INPUT DATA -
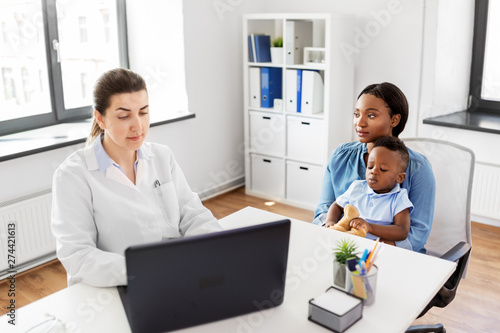 medicine, healthcare and pediatry concept - african american mother with baby son and caucasian doctor with laptop computer at clinic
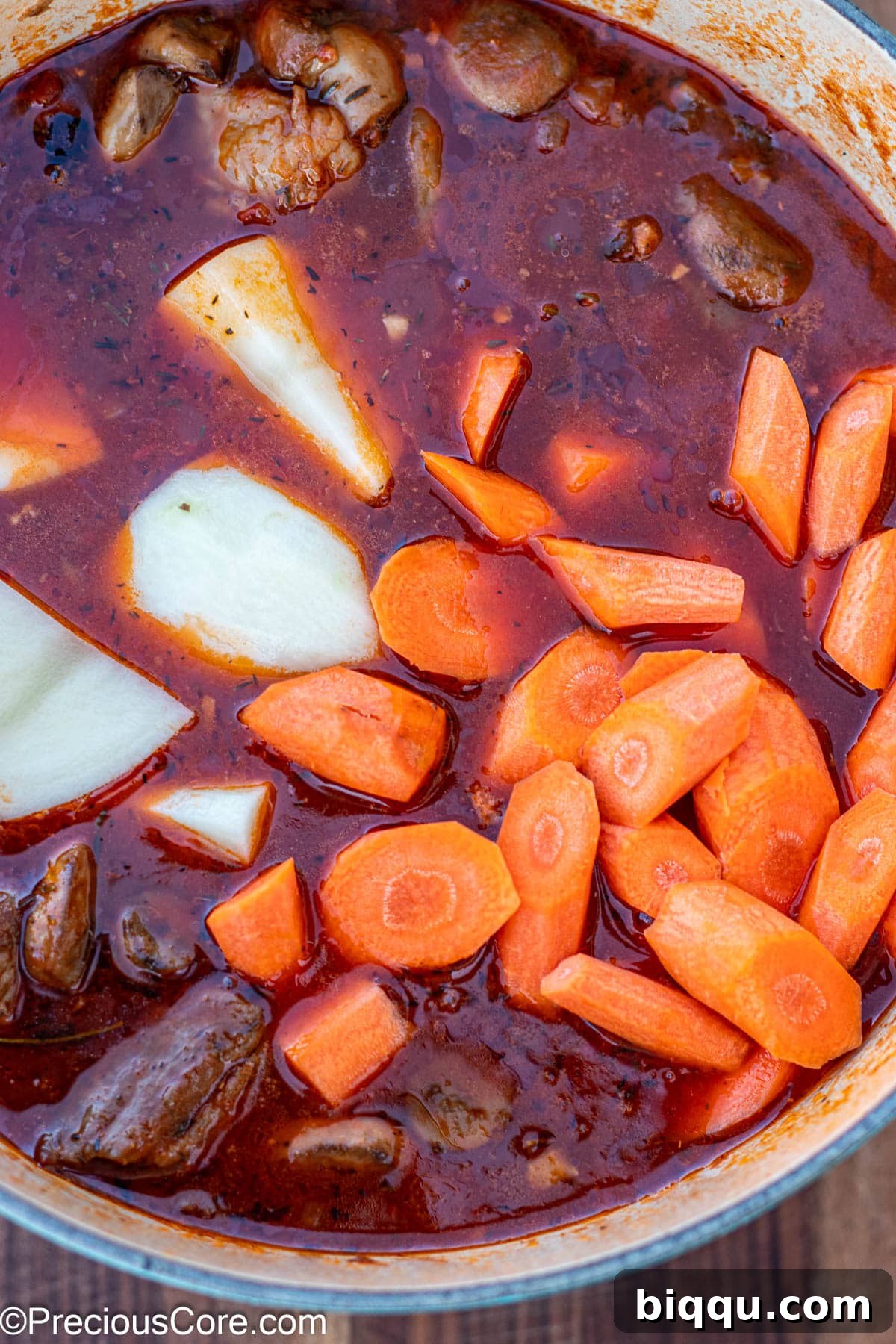 Hearty Beef Stew 11 Raw carrots and potatoes added to a pot of stew, awaiting further cooking.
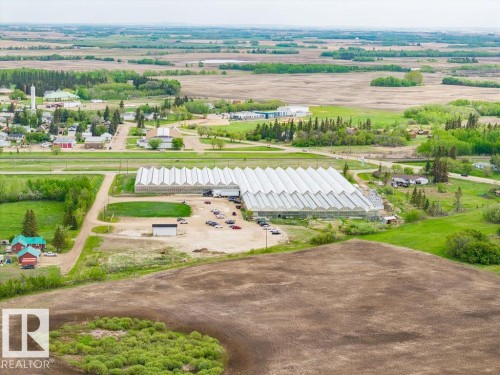 Large-scale greenhouse facility featuring multiple connected structures, extensive glass paneling, and a substantial parking area - 25 Whitetail Green, Mundare, AB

ACTION ITEM - Drop every picture from the data, then output all the rest exactly.

EXERCISE ANSWER -
 medicine, healthcare and pediatry concept - african american mother with baby son and caucasian doctor with laptop computer at clinic
 Hearty Beef Stew 11 Raw carrots and potatoes added to a pot of stew, awaiting further cooking.
 Large-scale greenhouse facility featuring multiple connected structures, extensive glass paneling, and a substantial parking area - 25 Whitetail Green, Mundare, AB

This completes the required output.